Brief: Quote the whole listing word for word. Do not include the pictures.

(Data below)

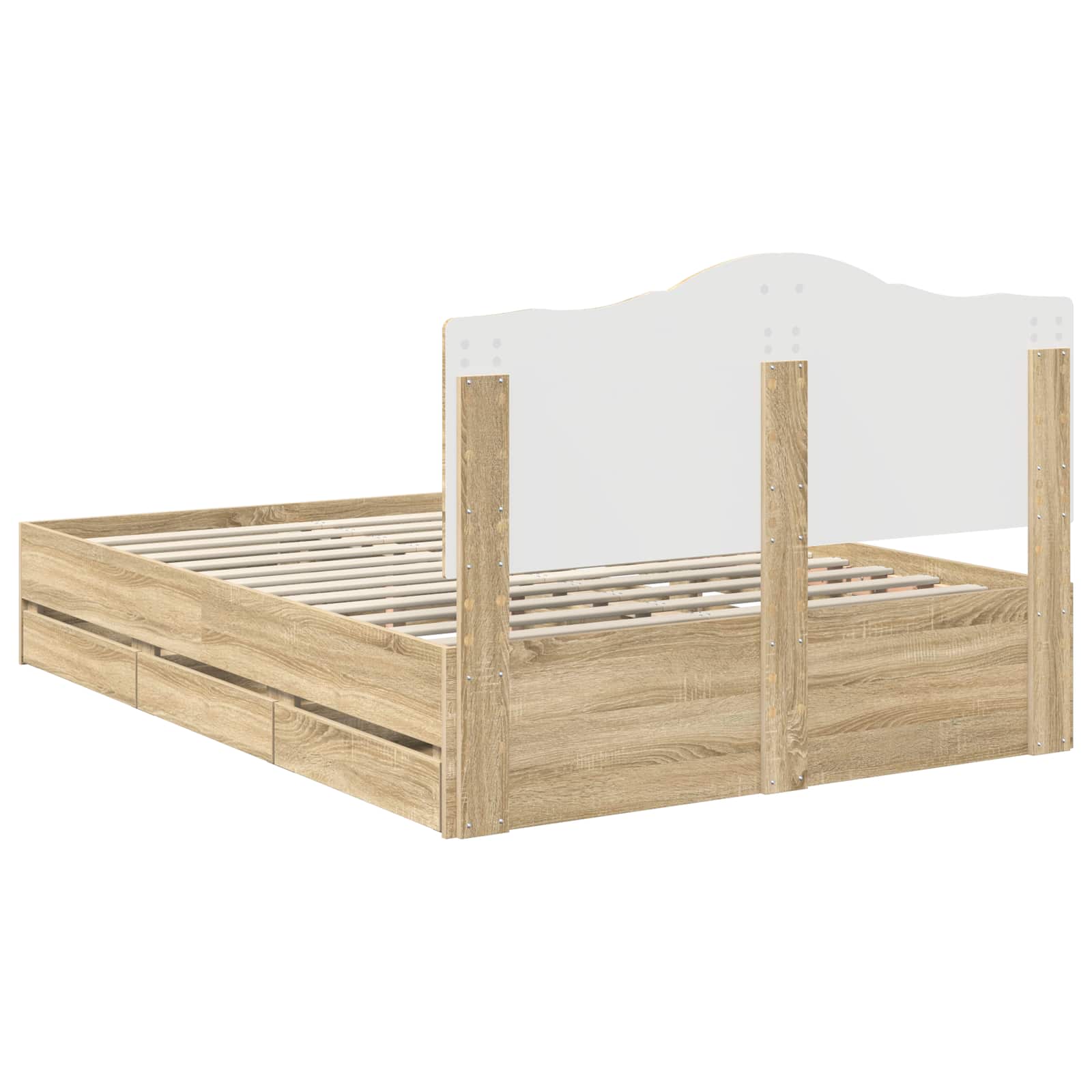 Bedframe met lade Sonoma Eiken 140 x 200 cm Ingenieurshout is nu te koop bij PeponiXL, paradijselijk wonen!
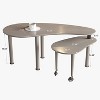 Gulches 360¡ã Rotatable Cocktail Coffee Table - 2-Piece Nesting with Natural Oak Wood Grain Veneer Top & Solid Rubber Wood Legs, 4 Colors - 3 of 4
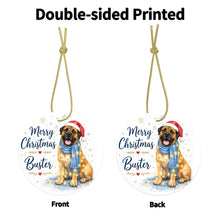 Load image into Gallery viewer, English Mastiff Christmas Ornament - Cozy Winter Pet Portrait Design - Personalize with Photo and Name-Christmas Ornament-Christmas,Christmas Ornament,Personalize Artwork-4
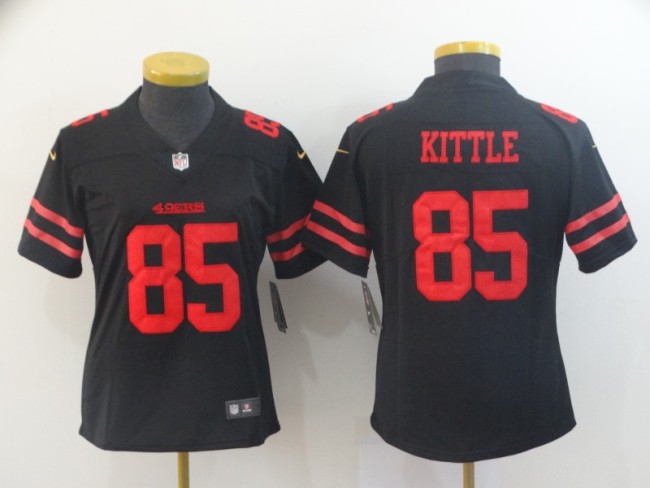 Women San Francisco 49ers 85 George Kittle Football Jersey Legend Black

(End Data below)

Solved problem:
 Bedframe met lade Sonoma Eiken 140 x 200 cm Ingenieurshout is nu te koop bij PeponiXL, paradijselijk wonen!
 Gulches 360¡ã Rotatable Cocktail Coffee Table - 2-Piece Nesting with Natural Oak Wood Grain Veneer Top & Solid Rubber Wood Legs, 4 Colors - 3 of 4
 Load image into Gallery viewer, English Mastiff Christmas Ornament - Cozy Winter Pet Portrait Design - Personalize with Photo and Name-Christmas Ornament-Christmas,Christmas Ornament,Personalize Artwork-4
 Women San Francisco 49ers 85 George Kittle Football Jersey Legend Black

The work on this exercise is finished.